CARBON_DCHECK(static_cast<uint64_t>(alloc_size) ==
llvm::alignTo<alignof(EntryT)>(alloc_size));
return alloc_size;
}
// Compute the allocated table's byte size.
static constexpr auto AllocByteSize(ssize_t alloc_size) -> ssize_t {
return EntriesOffset(alloc_size) + sizeof(EntryT) * alloc_size;
}
auto metadata() const -> uint8_t* {
return reinterpret_cast<uint8_t*>(storage_);
}
auto entries() const -> EntryT* {
return reinterpret_cast<EntryT*>(reinterpret_cast<std::byte*>(storage_) +
EntriesOffset(alloc_size_));
}
// Prefetch the metadata prior to probing. This is to overlap any of the
// memory access latency we can with the hashing of a key or other
// latency-bound operation prior to probing.
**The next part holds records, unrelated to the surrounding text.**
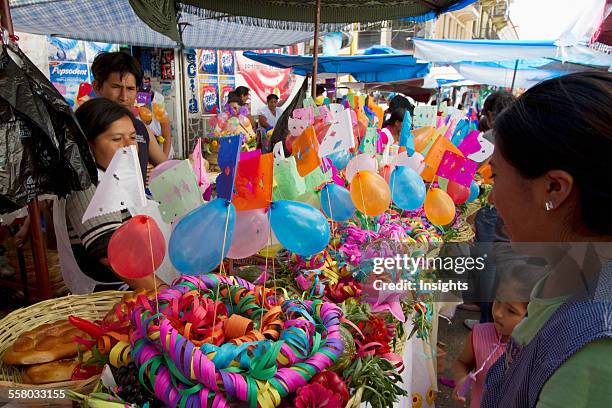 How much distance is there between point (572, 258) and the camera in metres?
0.66

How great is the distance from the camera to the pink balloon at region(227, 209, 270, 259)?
1.18 m

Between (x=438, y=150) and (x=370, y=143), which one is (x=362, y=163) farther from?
(x=438, y=150)

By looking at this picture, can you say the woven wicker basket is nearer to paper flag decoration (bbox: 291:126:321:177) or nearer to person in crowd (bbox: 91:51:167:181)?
paper flag decoration (bbox: 291:126:321:177)

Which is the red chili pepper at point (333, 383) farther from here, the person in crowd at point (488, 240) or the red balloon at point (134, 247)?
the person in crowd at point (488, 240)

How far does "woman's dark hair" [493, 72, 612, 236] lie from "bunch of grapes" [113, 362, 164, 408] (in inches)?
34.0

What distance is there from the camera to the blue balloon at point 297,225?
3.86 ft

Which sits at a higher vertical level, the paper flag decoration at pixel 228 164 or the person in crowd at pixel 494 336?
the paper flag decoration at pixel 228 164

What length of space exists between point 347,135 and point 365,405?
103 centimetres

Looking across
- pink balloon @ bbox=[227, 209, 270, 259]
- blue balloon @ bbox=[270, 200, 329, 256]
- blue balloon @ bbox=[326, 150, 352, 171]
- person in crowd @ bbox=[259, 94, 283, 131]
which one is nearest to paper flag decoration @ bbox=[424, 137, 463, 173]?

auto PrefetchMetadata() const -> void {
if constexpr (CARBON_ENABLE_PREFETCH_METADATA) {
// Prefetch with a "low" temporal locality as we're primarily expecting a
// brief use of the metadata and then to return to application code.
__builtin_prefetch(metadata(), /*read*/ 0, /*low-locality*/ 1);
}
}
// Prefetch an entry. This prefetches for read as it is primarily expected to
// be used in the probing path, and writing afterwards isn't especially slowed
// down. We don't want to synthesize writes unless we *know* we're going to
// write.
static auto PrefetchEntryGroup(const EntryT* entry_group) -> void {
if constexpr (CARBON_ENABLE_PREFETCH_ENTRY_GROUP) {
// Prefetch with a "low" temporal locality as we're primarily expecting a
// brief use of the entries and then to return to application code.
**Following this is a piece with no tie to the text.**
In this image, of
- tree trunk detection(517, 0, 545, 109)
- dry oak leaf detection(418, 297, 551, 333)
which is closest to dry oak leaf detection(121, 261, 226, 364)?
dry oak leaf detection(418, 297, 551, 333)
__builtin_prefetch(entry_group, /*read*/ 0, /*low-locality*/ 1);
}
}
ssize_t alloc_size_;
Storage* storage_;
};
// Implementation helper for defining a read-write base type for a hashtable
// that type-erases any SSO buffer.
//
// A specific user-facing hashtable base type should derive using *`protected`*
// inheritance from this type, and forward the implementation of its interface
// to functions in this type.
//
// Other than the use of `protected` inheritance, the patterns for this type,
// and how to build user-facing hashtable base types from it, mirror those of
// `ViewImpl`. See its documentation for more details.
template <typename InputKeyT, typename InputValueT, typename InputKeyContextT>
class BaseImpl {
protected:
using KeyT = InputKeyT;
using ValueT = InputValueT;
using KeyContextT = InputKeyContextT;
using ViewImplT = ViewImpl<KeyT, ValueT, KeyContextT>;
using EntryT = typename ViewImplT::EntryT;
using MetricsT = typename ViewImplT::MetricsT;
BaseImpl(int small_alloc_size, Storage* small_storage)
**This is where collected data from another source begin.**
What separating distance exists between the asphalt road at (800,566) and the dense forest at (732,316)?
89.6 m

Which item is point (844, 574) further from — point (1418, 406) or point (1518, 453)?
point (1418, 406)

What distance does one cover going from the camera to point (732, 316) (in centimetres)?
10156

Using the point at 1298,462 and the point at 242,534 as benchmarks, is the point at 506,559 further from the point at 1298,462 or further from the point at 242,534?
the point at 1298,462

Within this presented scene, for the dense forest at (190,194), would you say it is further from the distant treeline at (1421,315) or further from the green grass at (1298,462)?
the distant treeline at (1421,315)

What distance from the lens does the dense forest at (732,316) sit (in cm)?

: small_alloc_size_(small_alloc_size) {
CARBON_CHECK(small_alloc_size >= 0);
Construct(small_storage);
}
// Only used for copying and moving, and leaves storage uninitialized.
BaseImpl(ssize_t alloc_size, int growth_budget, int small_alloc_size)
: view_impl_(alloc_size, nullptr),
growth_budget_(growth_budget),
small_alloc_size_(small_alloc_size) {}
// Destruction must be handled by the table where it can destroy entries in
// any small buffer, so make the base destructor protected but defaulted here.
~BaseImpl() = default;
// NOLINTNEXTLINE(google-explicit-constructor): Designed to implicitly decay.
operator ViewImplT() const { return view_impl(); }
auto view_impl() const -> ViewImplT { return view_impl_; }
// Looks up the provided key in the hashtable. If found, returns a pointer to
// that entry and `false`.
//
// If not found, will locate an empty entry for inserting into, set the
// metadata for that entry, and return a pointer to the entry and `true`. When
// necessary, this will grow the hashtable to cause there to be sufficient
// empty entries.
template <typename LookupKeyT>
auto InsertImpl(LookupKeyT lookup_key, KeyContextT key_context)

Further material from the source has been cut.